■ **Input for this task**:
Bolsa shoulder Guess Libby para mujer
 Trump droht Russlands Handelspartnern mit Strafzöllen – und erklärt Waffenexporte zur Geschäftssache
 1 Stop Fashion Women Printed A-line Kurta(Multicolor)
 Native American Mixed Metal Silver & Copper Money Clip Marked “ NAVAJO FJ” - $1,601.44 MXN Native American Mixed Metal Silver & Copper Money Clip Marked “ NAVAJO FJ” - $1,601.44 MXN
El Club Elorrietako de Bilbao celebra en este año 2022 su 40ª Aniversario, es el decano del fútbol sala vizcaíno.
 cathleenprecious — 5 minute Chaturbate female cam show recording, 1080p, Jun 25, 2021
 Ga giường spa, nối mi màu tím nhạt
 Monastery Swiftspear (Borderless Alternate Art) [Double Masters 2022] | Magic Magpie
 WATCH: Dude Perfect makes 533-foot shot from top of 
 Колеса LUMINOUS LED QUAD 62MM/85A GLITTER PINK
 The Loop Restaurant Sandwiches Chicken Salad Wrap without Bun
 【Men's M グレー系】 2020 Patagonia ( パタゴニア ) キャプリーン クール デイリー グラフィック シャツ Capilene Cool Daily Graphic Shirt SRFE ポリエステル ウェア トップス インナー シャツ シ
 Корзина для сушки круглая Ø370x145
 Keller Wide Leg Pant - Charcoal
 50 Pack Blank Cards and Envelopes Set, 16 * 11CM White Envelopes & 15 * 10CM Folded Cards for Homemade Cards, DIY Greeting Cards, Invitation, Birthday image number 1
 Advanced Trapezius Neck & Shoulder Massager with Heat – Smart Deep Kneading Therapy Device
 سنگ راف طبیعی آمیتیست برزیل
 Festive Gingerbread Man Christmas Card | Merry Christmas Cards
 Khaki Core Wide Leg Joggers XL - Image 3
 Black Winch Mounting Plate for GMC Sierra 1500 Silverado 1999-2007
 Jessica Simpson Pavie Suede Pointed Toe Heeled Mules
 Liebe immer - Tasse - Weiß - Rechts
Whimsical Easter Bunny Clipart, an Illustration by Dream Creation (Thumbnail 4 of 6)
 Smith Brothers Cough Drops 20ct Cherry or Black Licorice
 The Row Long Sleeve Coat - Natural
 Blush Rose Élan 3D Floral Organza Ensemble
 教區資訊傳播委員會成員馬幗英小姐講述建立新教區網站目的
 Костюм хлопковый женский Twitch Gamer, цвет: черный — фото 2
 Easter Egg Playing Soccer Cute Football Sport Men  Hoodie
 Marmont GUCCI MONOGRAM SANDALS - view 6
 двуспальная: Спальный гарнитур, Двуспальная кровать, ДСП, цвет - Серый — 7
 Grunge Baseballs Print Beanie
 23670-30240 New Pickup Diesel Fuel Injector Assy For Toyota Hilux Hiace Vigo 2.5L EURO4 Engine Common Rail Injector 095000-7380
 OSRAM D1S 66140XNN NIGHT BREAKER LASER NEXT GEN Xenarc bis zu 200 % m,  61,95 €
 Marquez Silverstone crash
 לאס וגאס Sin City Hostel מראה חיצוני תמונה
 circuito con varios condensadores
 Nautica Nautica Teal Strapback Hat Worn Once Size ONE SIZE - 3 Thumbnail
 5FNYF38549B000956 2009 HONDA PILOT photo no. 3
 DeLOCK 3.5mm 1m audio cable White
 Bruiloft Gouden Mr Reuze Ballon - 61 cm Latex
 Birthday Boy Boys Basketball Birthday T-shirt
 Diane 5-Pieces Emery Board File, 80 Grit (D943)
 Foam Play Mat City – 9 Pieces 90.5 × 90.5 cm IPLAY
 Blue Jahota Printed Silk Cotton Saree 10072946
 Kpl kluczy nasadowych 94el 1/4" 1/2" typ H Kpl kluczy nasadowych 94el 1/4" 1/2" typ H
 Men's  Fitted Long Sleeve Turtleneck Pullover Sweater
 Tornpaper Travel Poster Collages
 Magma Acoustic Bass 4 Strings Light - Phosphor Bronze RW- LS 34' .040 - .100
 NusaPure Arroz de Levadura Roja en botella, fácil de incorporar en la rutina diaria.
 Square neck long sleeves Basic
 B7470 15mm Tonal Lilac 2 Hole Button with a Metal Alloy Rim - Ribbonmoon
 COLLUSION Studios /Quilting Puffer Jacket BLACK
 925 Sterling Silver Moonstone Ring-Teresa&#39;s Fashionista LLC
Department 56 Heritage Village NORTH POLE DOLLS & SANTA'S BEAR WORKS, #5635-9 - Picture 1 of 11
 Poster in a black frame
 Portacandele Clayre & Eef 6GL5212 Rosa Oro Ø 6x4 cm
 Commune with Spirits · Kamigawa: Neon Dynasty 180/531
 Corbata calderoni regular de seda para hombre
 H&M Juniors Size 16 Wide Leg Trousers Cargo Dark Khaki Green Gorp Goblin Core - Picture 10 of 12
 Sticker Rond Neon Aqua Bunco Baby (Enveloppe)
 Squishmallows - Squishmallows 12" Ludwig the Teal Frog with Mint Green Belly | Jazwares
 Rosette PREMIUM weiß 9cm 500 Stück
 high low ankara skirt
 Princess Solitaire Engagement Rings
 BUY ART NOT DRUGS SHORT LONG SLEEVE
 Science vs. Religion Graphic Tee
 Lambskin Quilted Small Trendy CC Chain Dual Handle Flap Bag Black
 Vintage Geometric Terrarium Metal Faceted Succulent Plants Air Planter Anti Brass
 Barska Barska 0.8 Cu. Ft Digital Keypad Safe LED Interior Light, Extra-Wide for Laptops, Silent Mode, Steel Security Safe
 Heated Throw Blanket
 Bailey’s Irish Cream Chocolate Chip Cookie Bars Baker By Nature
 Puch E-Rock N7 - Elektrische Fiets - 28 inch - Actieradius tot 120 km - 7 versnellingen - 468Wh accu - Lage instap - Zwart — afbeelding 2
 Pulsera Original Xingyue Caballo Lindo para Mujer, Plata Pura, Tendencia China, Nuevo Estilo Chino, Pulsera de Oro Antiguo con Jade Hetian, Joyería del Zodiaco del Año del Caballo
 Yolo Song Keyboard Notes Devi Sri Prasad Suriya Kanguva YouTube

■ **What is being asked**:
From the entries above, copy every line where the word "Easter" shows up.

■ **Result for this task**:
Whimsical Easter Bunny Clipart, an Illustration by Dream Creation (Thumbnail 4 of 6)
 Easter Egg Playing Soccer Cute Football Sport Men  Hoodie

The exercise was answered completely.